Le debo mi vida a la Primera Guerra Mundial. Sin matanza del archiduque Italia no habría tenido a quién alinearse, no habría quedado sumergida en el hambre y en las penas, no habrían zarpados de sus puertos barcos atestados de buscadores de nuevas vidas, Giuseppe Ianiello habría seguido siendo un carpintero pobre del sur, yo no estaría acá.

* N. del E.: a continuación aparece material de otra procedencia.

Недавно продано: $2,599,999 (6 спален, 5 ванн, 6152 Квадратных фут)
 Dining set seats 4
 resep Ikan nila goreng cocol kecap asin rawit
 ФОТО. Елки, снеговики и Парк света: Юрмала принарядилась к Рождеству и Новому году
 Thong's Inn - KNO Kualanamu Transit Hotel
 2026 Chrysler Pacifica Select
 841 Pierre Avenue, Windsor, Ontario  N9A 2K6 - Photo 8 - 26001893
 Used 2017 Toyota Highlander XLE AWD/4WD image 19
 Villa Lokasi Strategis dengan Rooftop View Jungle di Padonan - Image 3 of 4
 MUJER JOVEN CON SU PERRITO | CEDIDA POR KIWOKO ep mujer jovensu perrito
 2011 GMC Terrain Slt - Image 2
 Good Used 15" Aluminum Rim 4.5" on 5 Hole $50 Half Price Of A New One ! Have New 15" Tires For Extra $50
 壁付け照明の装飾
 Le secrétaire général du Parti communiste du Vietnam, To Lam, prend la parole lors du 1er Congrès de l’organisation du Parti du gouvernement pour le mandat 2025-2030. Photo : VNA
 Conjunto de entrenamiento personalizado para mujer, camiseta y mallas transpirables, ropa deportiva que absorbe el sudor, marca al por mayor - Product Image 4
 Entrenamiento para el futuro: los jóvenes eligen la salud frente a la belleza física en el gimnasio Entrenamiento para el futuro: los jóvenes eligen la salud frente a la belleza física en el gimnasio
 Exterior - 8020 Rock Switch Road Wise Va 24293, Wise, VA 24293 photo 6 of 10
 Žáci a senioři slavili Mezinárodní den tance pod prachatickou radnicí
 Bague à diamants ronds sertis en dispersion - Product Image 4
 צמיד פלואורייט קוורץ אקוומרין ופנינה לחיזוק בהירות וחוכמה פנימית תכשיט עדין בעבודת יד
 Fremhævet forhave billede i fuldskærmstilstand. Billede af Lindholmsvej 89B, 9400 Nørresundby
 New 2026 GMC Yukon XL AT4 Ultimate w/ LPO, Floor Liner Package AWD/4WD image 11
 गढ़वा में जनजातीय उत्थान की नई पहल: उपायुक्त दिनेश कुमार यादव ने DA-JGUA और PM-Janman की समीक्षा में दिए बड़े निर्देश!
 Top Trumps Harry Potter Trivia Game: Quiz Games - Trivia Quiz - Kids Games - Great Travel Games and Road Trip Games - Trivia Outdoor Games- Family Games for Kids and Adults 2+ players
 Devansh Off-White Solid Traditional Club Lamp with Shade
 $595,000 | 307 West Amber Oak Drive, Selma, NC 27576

La trama de las vidas que pasaron hasta la mía se hace más enredada mientras más arriba en el árbol, y de los tiempos de Italia lo único que sobrevivió hasta mí es el nombre de un pueblo y una sola seguridad: el lugar se llama(ba) Acerenza, y hay (o había) una iglesia muy grande. Nada más. Para mí, que nací muchos años después de que la incansable hormiga obrera hubiera cruzado el Atlántico, la italianidad de mi familia se resumía a las dobles consonantes de los apellidos y a los recuerdos ajenos distorsionados de generación en generación. No hubo en mi niñez muchas palabras en dialecto, ni palos de amasar, ni cartas que siguieran uniendo los mundos a través del Océano. El bisnono se vino y la Italia de su juventud se fue coloreando mito cada vez más lejano en el horizonte, que terminó de sellarse el día en que murió. Todo lo que traía consigo se lo llevó consigo, y a nosotros, los mortales prolongados de sus raíces, nos quedó la certeza garabateada en un acta de defunción. Nacionalidad: italiano. Eso es todo.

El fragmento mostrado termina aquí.